**What the task asks:**
Could you filter the listing for lines with the word "xuất" and return them?

*** Supplied data Section Begins ***

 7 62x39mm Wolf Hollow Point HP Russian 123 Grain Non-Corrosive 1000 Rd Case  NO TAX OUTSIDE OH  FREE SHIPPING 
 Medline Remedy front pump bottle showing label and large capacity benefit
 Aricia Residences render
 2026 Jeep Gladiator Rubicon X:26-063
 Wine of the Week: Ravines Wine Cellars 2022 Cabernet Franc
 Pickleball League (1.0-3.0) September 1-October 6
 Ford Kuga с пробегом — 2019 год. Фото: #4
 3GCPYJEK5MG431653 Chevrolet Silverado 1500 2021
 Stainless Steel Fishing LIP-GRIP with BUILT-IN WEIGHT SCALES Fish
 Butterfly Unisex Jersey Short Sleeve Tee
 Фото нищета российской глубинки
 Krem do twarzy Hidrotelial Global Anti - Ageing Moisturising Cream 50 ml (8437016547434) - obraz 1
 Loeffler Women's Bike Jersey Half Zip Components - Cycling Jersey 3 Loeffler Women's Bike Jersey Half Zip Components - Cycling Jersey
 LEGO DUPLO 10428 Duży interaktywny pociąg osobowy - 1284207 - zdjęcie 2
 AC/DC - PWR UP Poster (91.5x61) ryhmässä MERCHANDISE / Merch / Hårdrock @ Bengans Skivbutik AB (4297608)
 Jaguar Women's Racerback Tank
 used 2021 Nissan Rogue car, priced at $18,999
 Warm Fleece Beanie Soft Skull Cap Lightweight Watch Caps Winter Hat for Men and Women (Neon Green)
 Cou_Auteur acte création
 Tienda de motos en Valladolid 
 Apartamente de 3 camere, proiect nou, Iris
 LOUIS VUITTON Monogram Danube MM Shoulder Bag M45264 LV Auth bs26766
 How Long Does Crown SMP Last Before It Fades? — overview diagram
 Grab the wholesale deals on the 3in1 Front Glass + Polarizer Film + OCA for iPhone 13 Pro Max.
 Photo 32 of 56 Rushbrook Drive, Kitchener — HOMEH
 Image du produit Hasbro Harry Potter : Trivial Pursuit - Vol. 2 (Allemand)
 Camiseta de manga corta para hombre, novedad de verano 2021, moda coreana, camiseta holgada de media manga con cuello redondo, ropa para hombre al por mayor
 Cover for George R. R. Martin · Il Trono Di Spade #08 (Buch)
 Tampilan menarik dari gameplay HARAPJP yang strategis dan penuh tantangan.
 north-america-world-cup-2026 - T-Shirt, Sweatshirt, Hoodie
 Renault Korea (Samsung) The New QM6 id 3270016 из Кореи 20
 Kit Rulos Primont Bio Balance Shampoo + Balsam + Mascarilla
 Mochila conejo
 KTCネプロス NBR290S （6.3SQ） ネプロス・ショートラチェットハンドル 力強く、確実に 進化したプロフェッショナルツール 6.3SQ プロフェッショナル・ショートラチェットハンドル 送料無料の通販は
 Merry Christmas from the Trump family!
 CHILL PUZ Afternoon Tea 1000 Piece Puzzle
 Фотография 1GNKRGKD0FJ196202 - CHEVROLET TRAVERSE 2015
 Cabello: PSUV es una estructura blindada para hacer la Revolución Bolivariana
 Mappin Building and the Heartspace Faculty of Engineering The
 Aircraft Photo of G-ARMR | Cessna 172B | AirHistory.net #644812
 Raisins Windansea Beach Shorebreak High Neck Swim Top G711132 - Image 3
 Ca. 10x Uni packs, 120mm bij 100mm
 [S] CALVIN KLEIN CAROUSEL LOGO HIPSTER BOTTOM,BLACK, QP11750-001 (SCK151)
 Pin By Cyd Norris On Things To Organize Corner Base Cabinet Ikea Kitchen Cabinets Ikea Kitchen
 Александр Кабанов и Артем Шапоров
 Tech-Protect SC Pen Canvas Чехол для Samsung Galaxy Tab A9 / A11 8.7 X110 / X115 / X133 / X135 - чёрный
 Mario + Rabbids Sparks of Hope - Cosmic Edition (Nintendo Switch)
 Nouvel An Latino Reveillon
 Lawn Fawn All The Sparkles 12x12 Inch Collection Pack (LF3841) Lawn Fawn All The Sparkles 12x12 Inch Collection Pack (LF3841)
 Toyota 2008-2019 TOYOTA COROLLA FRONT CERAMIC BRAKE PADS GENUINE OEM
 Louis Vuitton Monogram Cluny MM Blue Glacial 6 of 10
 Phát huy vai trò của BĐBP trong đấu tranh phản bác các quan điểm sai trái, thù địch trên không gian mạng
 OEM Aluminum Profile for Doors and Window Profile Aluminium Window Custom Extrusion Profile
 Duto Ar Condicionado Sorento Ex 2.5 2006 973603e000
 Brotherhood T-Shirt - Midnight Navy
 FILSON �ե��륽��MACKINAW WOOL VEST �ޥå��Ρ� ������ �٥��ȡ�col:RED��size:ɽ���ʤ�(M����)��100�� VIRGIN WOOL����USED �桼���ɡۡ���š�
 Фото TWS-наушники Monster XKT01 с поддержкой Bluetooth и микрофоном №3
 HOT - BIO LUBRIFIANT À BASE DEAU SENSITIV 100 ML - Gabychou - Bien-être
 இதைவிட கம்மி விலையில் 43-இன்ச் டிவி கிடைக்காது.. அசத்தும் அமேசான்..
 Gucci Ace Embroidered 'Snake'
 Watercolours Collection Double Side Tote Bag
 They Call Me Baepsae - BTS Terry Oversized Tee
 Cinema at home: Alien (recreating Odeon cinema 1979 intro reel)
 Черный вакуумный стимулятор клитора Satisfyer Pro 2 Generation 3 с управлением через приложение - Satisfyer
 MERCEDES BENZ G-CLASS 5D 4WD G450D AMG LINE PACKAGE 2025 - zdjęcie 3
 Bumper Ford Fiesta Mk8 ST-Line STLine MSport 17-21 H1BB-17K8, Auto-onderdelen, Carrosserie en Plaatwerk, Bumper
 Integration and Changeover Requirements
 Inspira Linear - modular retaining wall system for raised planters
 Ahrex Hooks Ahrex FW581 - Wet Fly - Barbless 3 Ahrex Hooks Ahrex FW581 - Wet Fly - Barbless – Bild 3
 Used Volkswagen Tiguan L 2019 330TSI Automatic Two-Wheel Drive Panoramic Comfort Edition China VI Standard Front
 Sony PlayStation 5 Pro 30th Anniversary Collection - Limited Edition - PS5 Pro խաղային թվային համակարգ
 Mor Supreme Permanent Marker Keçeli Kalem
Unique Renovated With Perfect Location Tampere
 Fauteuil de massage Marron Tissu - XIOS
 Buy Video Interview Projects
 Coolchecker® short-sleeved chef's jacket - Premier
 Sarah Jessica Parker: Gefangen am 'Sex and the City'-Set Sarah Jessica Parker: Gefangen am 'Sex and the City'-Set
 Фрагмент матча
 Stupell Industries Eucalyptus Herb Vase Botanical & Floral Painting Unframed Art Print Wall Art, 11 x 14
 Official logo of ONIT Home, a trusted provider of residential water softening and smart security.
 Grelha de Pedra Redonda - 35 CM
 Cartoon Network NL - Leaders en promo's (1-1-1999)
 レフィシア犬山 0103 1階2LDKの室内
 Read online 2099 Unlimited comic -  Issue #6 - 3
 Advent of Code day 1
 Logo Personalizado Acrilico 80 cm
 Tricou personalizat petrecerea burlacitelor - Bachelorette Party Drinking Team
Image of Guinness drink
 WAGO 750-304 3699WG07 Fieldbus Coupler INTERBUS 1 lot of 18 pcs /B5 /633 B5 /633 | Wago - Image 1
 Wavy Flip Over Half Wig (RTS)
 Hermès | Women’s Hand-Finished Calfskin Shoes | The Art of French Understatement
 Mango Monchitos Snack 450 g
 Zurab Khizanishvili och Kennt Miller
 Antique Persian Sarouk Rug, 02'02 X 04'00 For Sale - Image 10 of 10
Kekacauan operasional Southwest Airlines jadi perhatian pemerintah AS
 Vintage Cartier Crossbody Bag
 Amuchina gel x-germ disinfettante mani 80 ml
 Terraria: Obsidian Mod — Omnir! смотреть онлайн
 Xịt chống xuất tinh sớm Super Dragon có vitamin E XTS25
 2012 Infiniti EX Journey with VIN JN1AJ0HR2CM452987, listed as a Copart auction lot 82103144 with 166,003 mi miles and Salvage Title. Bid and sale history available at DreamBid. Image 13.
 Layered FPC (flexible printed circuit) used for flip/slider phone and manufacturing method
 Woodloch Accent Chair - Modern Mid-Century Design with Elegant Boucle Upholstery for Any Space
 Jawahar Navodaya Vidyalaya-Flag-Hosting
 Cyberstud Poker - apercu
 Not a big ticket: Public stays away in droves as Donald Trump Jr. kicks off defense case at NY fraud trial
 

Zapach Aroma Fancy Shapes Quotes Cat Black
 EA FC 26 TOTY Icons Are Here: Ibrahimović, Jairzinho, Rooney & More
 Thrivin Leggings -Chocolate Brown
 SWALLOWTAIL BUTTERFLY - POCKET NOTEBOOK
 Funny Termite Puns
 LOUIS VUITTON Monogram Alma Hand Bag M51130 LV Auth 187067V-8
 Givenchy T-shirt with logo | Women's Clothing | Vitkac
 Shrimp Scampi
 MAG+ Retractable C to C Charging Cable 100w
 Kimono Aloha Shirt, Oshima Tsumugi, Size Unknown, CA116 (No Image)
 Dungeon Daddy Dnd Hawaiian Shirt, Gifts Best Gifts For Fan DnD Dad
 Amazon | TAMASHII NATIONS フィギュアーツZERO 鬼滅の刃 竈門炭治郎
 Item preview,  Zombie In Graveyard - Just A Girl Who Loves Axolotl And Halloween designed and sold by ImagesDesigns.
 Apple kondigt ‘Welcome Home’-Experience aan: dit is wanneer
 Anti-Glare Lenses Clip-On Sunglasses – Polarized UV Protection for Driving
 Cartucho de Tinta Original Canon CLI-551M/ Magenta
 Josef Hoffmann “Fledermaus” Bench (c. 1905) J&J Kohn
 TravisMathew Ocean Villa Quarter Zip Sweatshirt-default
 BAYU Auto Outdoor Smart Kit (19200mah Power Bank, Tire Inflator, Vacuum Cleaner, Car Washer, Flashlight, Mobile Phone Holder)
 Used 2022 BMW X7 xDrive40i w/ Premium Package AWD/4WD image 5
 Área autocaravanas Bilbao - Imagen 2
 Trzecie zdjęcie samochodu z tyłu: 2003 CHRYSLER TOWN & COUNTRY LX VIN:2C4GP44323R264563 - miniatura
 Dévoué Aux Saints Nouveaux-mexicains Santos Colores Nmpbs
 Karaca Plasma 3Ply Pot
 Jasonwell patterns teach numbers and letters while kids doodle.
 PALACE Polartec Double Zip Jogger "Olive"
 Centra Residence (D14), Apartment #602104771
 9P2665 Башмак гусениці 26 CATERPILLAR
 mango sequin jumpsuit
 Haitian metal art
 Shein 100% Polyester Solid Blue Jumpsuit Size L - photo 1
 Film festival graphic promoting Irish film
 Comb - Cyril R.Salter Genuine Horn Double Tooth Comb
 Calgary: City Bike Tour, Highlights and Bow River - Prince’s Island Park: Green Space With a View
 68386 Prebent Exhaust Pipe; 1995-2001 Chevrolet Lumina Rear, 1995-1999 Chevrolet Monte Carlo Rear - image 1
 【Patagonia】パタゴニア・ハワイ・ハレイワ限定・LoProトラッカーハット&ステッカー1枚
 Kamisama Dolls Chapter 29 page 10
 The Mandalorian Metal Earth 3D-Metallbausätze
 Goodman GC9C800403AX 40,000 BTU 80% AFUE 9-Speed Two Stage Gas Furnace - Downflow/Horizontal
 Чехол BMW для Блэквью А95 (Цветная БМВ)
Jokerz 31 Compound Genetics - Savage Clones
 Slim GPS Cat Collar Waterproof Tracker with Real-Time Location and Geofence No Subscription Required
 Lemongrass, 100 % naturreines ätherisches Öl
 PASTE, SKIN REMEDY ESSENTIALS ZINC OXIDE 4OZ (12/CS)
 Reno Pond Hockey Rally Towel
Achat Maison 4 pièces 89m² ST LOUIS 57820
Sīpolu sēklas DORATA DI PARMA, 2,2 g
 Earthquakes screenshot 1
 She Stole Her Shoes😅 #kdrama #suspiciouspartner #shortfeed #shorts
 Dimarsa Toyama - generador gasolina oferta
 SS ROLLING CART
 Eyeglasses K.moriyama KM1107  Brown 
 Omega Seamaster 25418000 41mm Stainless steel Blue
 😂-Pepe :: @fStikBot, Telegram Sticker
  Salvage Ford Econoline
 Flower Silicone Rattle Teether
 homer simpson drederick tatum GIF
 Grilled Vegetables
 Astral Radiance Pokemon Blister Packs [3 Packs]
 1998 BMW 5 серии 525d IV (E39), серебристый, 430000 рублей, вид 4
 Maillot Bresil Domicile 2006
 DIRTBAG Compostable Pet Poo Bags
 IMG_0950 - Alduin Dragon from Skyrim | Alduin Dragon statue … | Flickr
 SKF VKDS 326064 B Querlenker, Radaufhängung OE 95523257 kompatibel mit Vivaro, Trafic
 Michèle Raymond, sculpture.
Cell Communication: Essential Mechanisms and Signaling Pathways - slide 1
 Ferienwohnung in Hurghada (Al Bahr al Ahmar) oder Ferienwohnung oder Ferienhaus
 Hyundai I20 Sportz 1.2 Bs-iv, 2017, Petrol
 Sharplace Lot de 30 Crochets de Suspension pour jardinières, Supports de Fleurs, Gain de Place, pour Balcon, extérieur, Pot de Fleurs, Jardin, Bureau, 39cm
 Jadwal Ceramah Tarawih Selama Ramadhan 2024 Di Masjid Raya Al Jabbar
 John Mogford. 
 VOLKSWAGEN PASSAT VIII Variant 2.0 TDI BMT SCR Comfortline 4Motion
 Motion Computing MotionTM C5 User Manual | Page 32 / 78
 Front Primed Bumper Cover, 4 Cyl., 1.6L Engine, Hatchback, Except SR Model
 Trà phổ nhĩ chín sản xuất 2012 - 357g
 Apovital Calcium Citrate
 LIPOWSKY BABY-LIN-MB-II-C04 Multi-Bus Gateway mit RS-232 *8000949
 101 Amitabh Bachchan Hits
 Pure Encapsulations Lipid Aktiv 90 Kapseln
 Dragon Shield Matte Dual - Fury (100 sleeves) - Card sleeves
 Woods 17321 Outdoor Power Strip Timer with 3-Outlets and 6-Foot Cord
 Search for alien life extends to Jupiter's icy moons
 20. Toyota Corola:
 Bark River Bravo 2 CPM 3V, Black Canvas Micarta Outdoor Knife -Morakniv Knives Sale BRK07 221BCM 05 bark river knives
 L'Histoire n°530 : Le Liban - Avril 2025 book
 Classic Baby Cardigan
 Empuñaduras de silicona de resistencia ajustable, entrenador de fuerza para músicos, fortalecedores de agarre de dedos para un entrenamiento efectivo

*** Supplied data Section Ends ***

**Exercise answer:**
 Xịt chống xuất tinh sớm Super Dragon có vitamin E XTS25
 Trà phổ nhĩ chín sản xuất 2012 - 357g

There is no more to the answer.